Sushant Bhansali, CEO, Ambit Asset Management expects earnings growth to moderate from the mid-20s to low teens, or possibly lower, for Sensex and Nifty. Furthermore, the key growth drivers are likely to undergo a sectoral shift, with the market favouring companies that outperform broader earnings growth. In an interview, Bhansali said that he believes the markets are likely to sustain at current levels, delivering reasonable positive returns for the rest of the fiscal year. From a 3-year perspective, midcaps and small caps remain worth accumulating, he added. Edited Excerpts:
We expect earnings growth to moderate, shifting from the mid-20s to the low teens, or possibly lower, for Sensex and Nifty. Furthermore, the key growth drivers are likely to undergo a sectoral shift, with the market favouring companies that outperform broader earnings growth. We expect the markets to sustain at current levels, offering reasonable positive returns for the rest of the fiscal year. Significant rate cuts could provide upside potential, as quality franchises that have participated less in recent market rallies may drive the market higher as the cost of equity declines.
From a three-year perspective, midcaps and smallcaps remain worth accumulating given the strong economic tailwinds benefiting many of these businesses and their improved capital efficiency with lower leverage compared to the past decade.
U.S. elections, Federal Reserve policy actions, domestic state elections, and RBI's monetary policy will influence the market dynamics. Additionally, the market participants will closely watch the festival season's consumption patterns as an indicator of the macroeconomic outlook and earnings growth for next year.
Highly-leveraged sectors in cyclical industries and those with exorbitant valuations do not offer an adequate risk-reward balance for investors at this juncture.
The resurgence of the Chinese economy and markets, along with geopolitical tensions in the Middle East, have made global investors nervous about India and other emerging markets.
Start building your portfolio gradually over time, and if the market offers volatility, embrace it by increasing allocations to equities to benefit in the long term.
Gold and fixed-income investments are recommended for managing liquidity and hedging against market volatility.
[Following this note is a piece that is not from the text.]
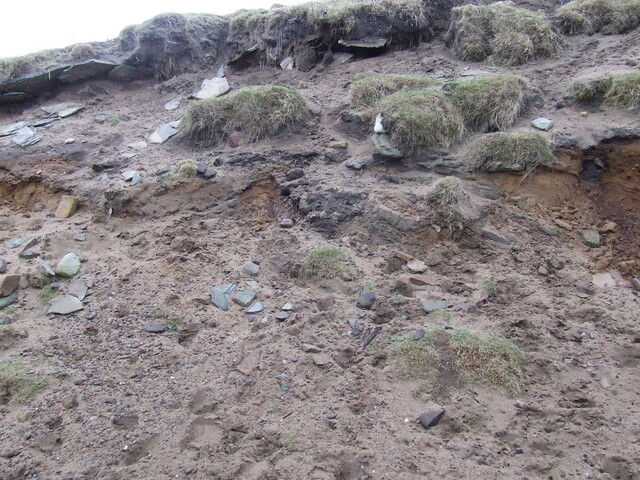 DSCF1750.JPG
Gold allocations should align with your expense requirements for a period that you can sustain in case of severe global imbalances disrupting the macroeconomy and financial markets.
Nifty is expected to deliver PAT growth of 5%, marking its slowest pace in several quarters. We will keenly watch trends in select sectors that have shown signs of recovery in recent months, such as chemicals, ITES, and apparel retail.
The biggest challenges include select pockets of steep valuations, slowing growth, and rising geopolitical concerns.
The investment mantra remains the same in all market and macroeconomic environments: invest in select good and clean businesses with great governance, and churn your portfolio only if you observe disruptive trends. Historically, earnings growth combined with strong governance has delivered the best value for investors, and that should be your primary focus.